Comme le narrateur est professeur d’écriture narrative, il a le loisir de nous faire part de sa doctrine en matière d’écriture. Il apparaît qu’elle se résume à deux règles principales, bigger than life et less is more, « qui demeurent, nous dit-il, essentielles mais semblent si peu connues et encore moins appliquées que c’en est renversant, une misère » (p. 194). Force est de reconnaître, en tout cas, que leur application dans Incidences s’avère des plus efficaces. L’auteur suit fidèlement ses deux préceptes en mettant en scène des personnages hors du commun, certes, mais sans jamais grossir le trait, en faisant tout ce qu’il faut au contraire pour les faire apparaître platement banals. Le contraste entre le « plus » (des événements qui sont relatés) et le « moins » (dans la manière de raconter : la légèreté du style, l’humour omniprésent) est sans nul doute ce qui explique le mieux la réussite du livre, au-delà de l’histoire, bien plus subtile pourtant qu’il n’y paraît au début.
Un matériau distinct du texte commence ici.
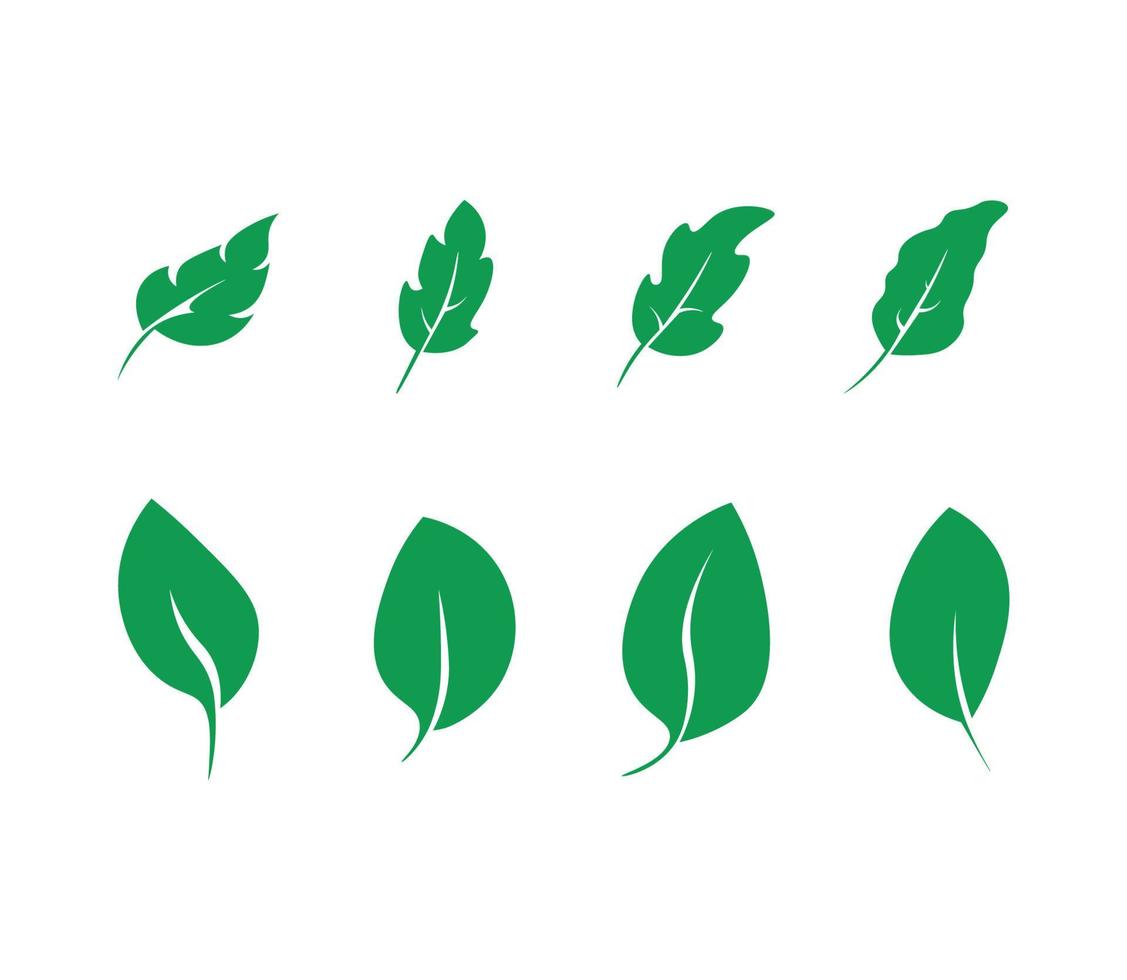 Collection of Green Leaves vector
« Katiba » n’est pas le nom d’une héroïne exotique. On désigne par ce mot un camp de combattants islamiques en Afrique du Nord. De fait, le roman de J-Ch. Rufin nous transporte au milieu du Groupe salafiste pour la prédication et le combat, désormais appelé Al-Qaida au Maghreb islamique. Le livre s’ouvre sur l’assassinat d’une famille de touristes italiens qui traversent le Sahara en voiture, un fait divers qui s’inspire de celui, bien réel, qui a concerné quatre touristes français en décembre 2007. Quant à l’héroïne – car il y en a une, bien sûr, elle est même le personnage central – elle s’appelle Jasmine : elle est belle, séduisante et n’a peur de rien. Elle côtoie des terroristes fanatisés, des services secrets aux plans tordus, une officine de renseignements qui cherche à se faire une place au soleil, une ONG aux intentions pas claires, des experts en tous genres, des diplomates revenus de tout. Il y a de l’action, de l’amour, du sang, bref tout ce qu’il faut pour composer un roman d’espionnage digne de ce nom.

Outre sa qualité d’Académicien français, J.-Ch. Rufin est également ambassadeur de France au Sénégal. Cela lui confère une certaine autorité lorsqu’il met en scène des événements et des personnages semblables à ceux qu’il a pu rencontrer dans sa vie professionnelle. Et il ne manque pas d’un certain sens de l’humour lorsqu’il s’attache à décrire les travers et les ridicules, non pas tant d’ailleurs du corps diplomatique dans ses postes à l’étranger, que de l’administration centrale, le Quai (d’Orsay) dont il brocarde allègrement les règles de sécurité et le service du protocole. Enfin, puisque le propre des romans d’espionnage est aussi d’instruire en fournissant aux lecteurs des informations auxquelles ils n’ont pas nécessairement accès, on trouvera dans Katiba d’intéressantes considérations sur l’univers mental des fondamentalistes musulmans. S’il faut en croire J.-Ch. Rufin (et, encore une fois, on doit pouvoir lui faire crédit sur ce point), les salafistes n’ont pas une conception linéaire du temps. Ils sont dans la quête d’un retour au commencement de l’Islam : « Le destin de l’humanité est de revivre ces heures décisives, de rejouer les mêmes affrontements » (p. 285). D’où la nécessité, hic et nunc, de la guerre sainte.

Rien de plus dissemblables, en définitive, que les deux romans examinés ici. Le premier se déguste. Bien que le style exclue toute affectation – au contraire Incidences mise constamment sur la légèreté, l’understatement, l’autodénigrement – chaque mot a été pesé. Ici la forme l’emporte sur le fond, ce qui est probablement la meilleure définition de la Littérature avec un L majuscule. Au contraire Katiba s’avale. On est porté par l’histoire dont on désire connaître la fin et l’on peut se laisser aller, du coup, à passer rapidement sur certaines descriptions ou digressions qui n’apparaissent pas indispensables à la compréhension de l’intrigue. C’est dire que le fond l’emporte sur la forme et que dès lors – si l’on admet la définition précédente – on se situe plutôt dans la littérature avec un l minuscule.